Your task | Exactly the lines from the one containing "(HOT) 2015 Cabbage" through the one containing "VIEW OF TREES IN FOREST" in the listing below are to be copied, with the pictures left out.

Excerpted data |
▽
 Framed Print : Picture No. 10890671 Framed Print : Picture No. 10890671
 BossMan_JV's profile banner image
△
▽
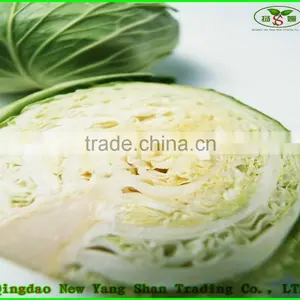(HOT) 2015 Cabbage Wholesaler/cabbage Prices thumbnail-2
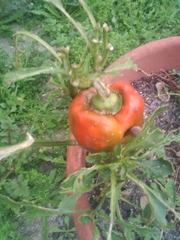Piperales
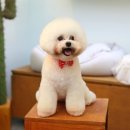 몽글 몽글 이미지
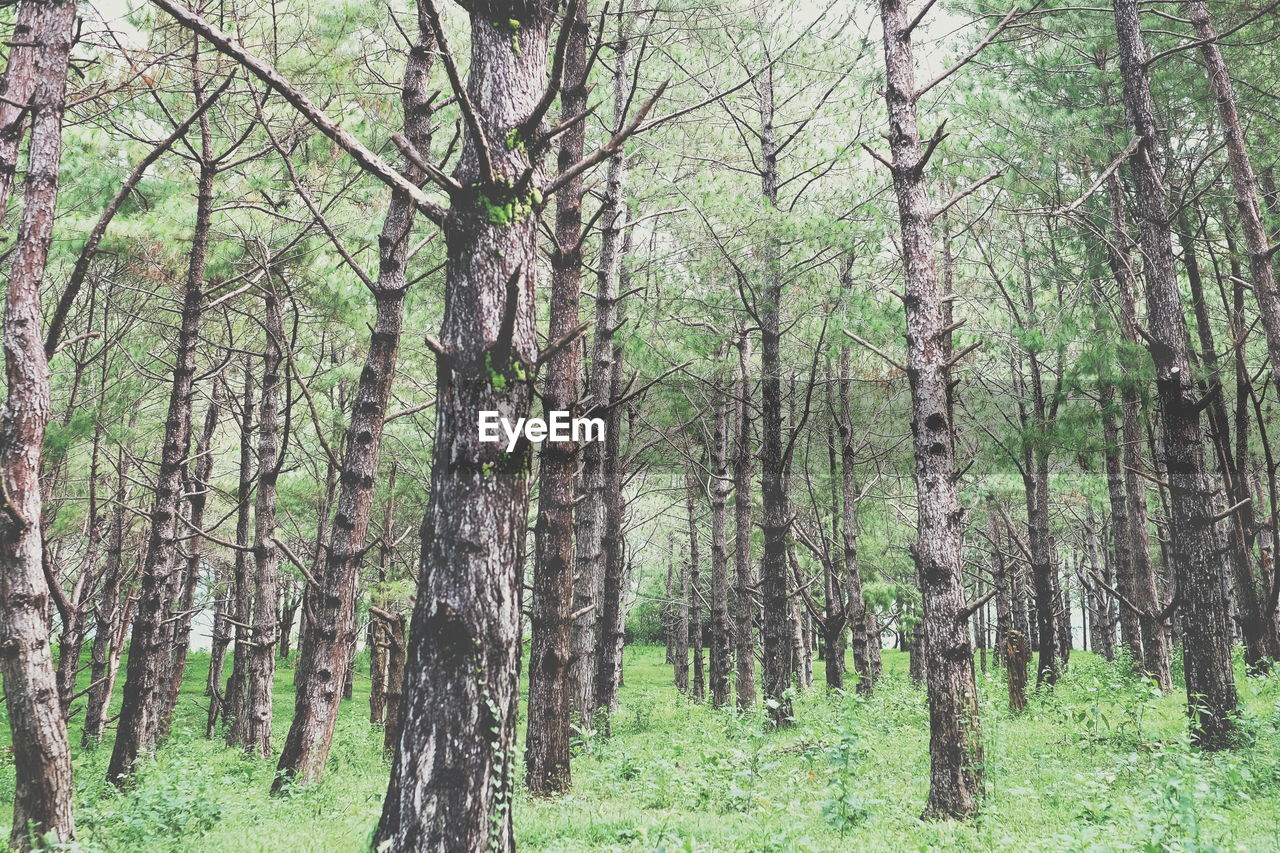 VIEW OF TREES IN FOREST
△
Solved exercise |
(HOT) 2015 Cabbage Wholesaler/cabbage Prices thumbnail-2
Piperales
 몽글 몽글 이미지
 VIEW OF TREES IN FOREST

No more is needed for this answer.